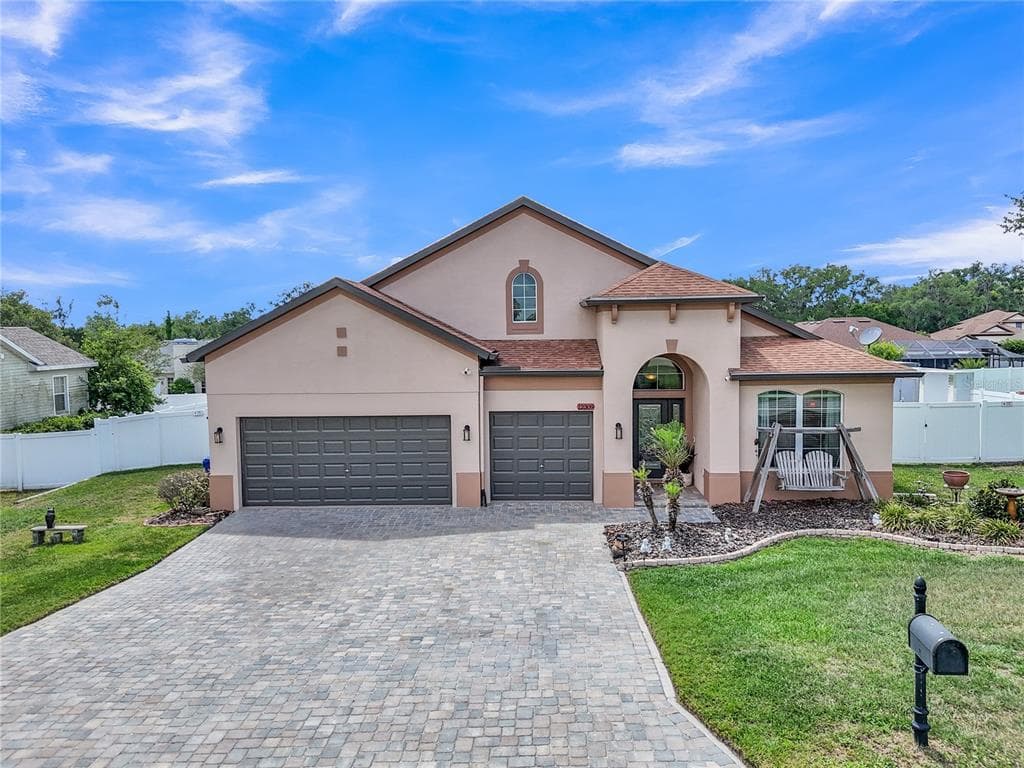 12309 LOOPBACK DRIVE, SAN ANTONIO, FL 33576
==
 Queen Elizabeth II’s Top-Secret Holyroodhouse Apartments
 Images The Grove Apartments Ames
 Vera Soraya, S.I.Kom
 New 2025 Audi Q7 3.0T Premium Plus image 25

*Exercise prompt*: If a line in the records contains "Apartments", report it.

*Answer box*:
 Queen Elizabeth II’s Top-Secret Holyroodhouse Apartments
 Images The Grove Apartments Ames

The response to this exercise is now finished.